I am hoping that I can get this to do what I want so I will just start out and see what happens.


First, after shearing, there is the fiber. This summer I entered some of it in a an wool compeition at the Eureka Fiber Festival in Eureka Montana, and this was the result. There were no guide lines issued as instructions so what I did was I took all the prime wool for a years duration from one rabbit, and put it in a clear plastic bag for display, and labeled it as required. I figured that by doing that the judge, or anyone else, could see how much prime wool was produced by one rabbit in one year, and could see and feel the texture, and color and crimp. This is the result in the picture above. It was fun....I wish that more fiber festivals has a competiton for angora fibers as well as their wool compeition.

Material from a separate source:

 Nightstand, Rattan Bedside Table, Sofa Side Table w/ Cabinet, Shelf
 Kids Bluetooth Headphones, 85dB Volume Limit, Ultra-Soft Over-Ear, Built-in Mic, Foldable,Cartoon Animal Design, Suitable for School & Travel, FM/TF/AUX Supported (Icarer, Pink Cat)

This past year, I took 5 lbs of prime angora wool and took 10 lbs of unwashed white fleeces from my Bluefaced Leicester/shetland cross sheep and sent them off to 13 Mile Mill here in Montana for processing and spinning into 1 ply yarn of 1600 YPP. Since the wool needed washing, picking, and cardiing prior to blending it was reducded in volumne so that the blend came out about 60% wool and 40% angora. It is not as lacey looking as merino blend, but has more substance, but the hand is marvelous, and it is a great knitting yarn. It is also perfectly white.

I plied it it through my spinning wheel into a 2 play yarn... for the most majority. However, I also plied 1 skein of bombyx silk 5/1 with 1 ply of the angora-wool blend as far as that would go, and another skein of 8/1 bombyx with some more of the blend. I wanted the picture inserted here, but I see it went to the top. Fortunately the photos have text added so it can be identified.

The next picture is a close up of the 5/1 silk plied with the wool blend ply...it's just that the luster did not show up on the silk much but it is there.

Then there is a photo of complete skein of the blend and the 5/1 silk yarn. I took all of this and dyed it in rainbow fashion in bright colors and call this batch "SANTE FE" because of the colors remind me of the SW country. There are four color coodinated skeins but each one is different.

Next I did more single skeins of the blend in rainbow fashion in the microwave, and these two singles are the result. They are the blend 2 ply only without the silk ply.